The expected output is the full set of entries, retyped verbatim, pictures excluded.
● ● ● ● ● ● ●
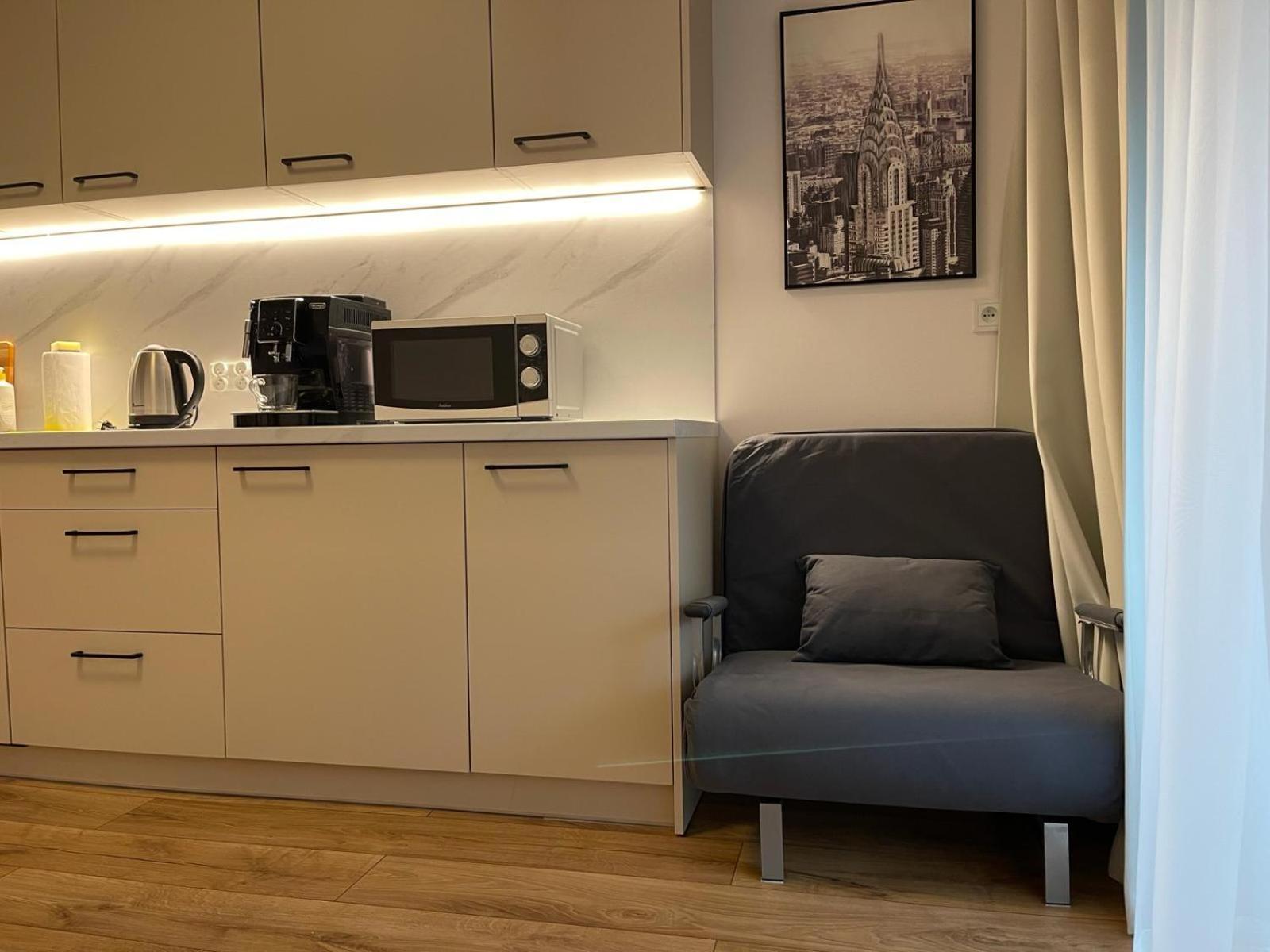 City Sense New Apartments - Main Station And City Center Wrocław Extérieur photo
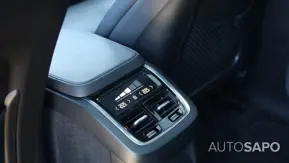 Volvo XC90 2.0 T8 PHEV Momentum Plus AWD de 2020
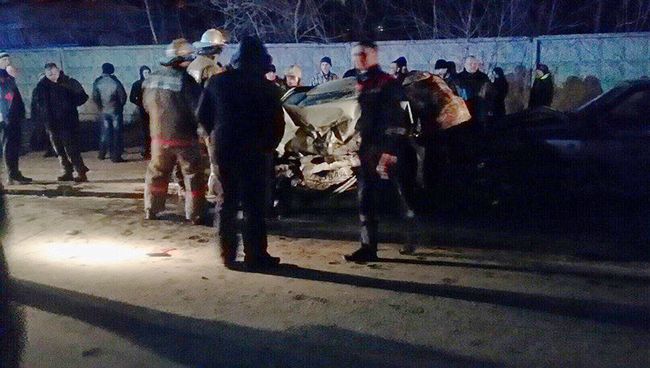 На месте ДТП в городе Сухой Лог, Свердловская область. 23 марта 2017 На месте ДТП в городе Сухой Лог, Свердловская область. 23 марта 2017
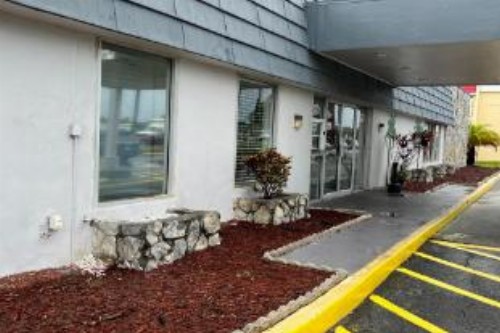 OYO Hotel New Port Richey Gulf Beach US-19 - image 18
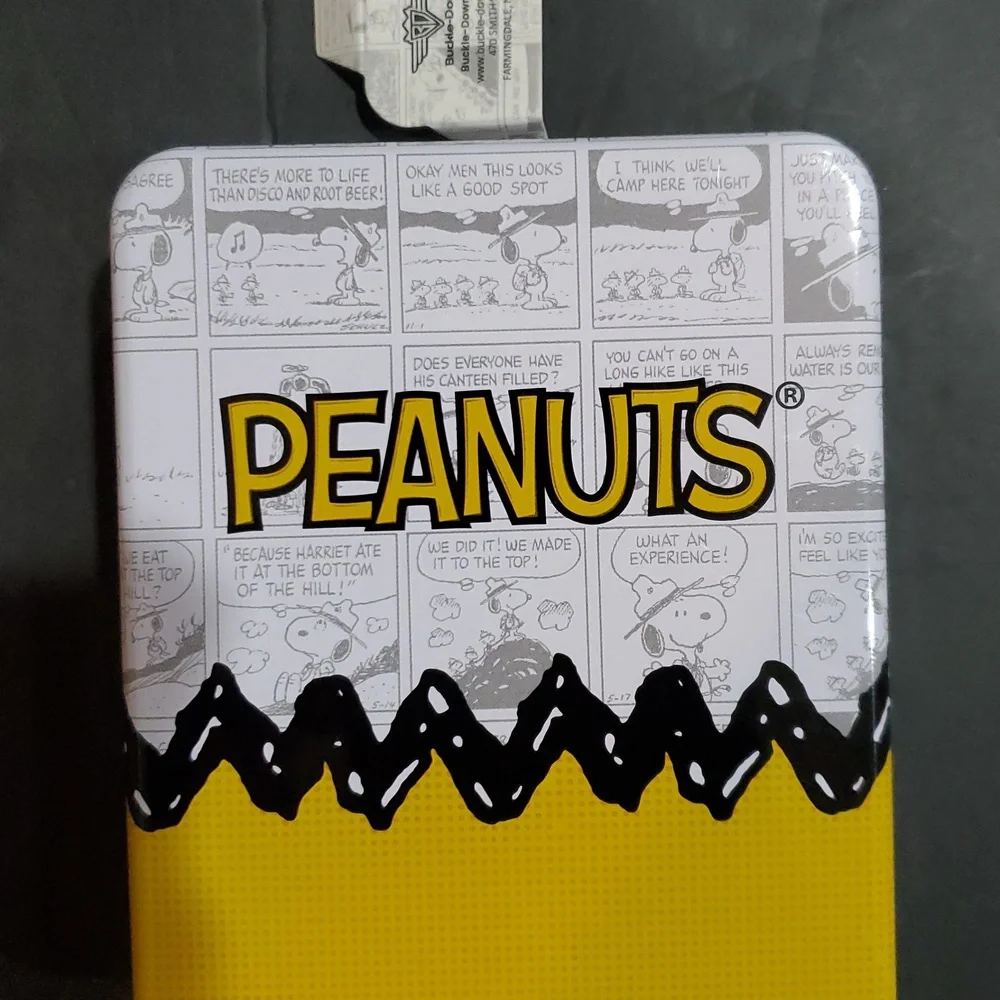 Peanuts Snoopy red oversized Snoopy printed bi-fold wallet in peanuts‎ tin case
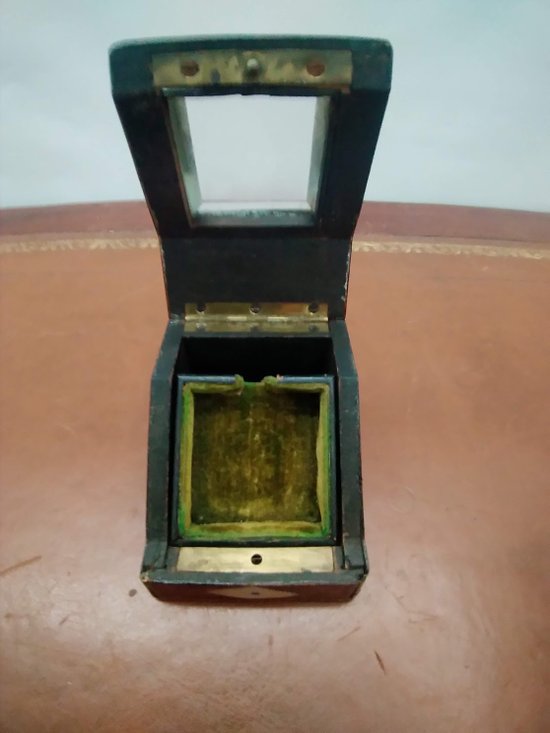 Watch holder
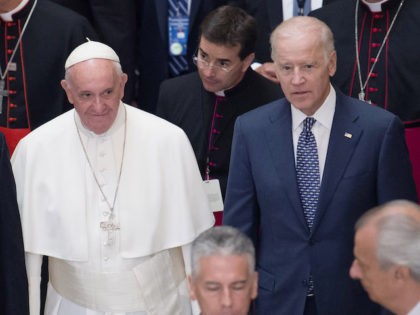 Pope Francis (C) walks with US Speaker of the House, Republican from Ohio John Boehner (L) and US Vice President Joe Biden (R), after deliver an address to a joint session of Congress, in Statuary Hall at the U.S. Capitol in Washington DC, USA, 24 September 2015. Pope Francis is …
● ● ● ● ● ● ●
ANSWER BELOW:
 City Sense New Apartments - Main Station And City Center Wrocław Extérieur photo
 Volvo XC90 2.0 T8 PHEV Momentum Plus AWD de 2020
 На месте ДТП в городе Сухой Лог, Свердловская область. 23 марта 2017 На месте ДТП в городе Сухой Лог, Свердловская область. 23 марта 2017
 OYO Hotel New Port Richey Gulf Beach US-19 - image 18
 Peanuts Snoopy red oversized Snoopy printed bi-fold wallet in peanuts‎ tin case
 Watch holder
 Pope Francis (C) walks with US Speaker of the House, Republican from Ohio John Boehner (L) and US Vice President Joe Biden (R), after deliver an address to a joint session of Congress, in Statuary Hall at the U.S. Capitol in Washington DC, USA, 24 September 2015. Pope Francis is …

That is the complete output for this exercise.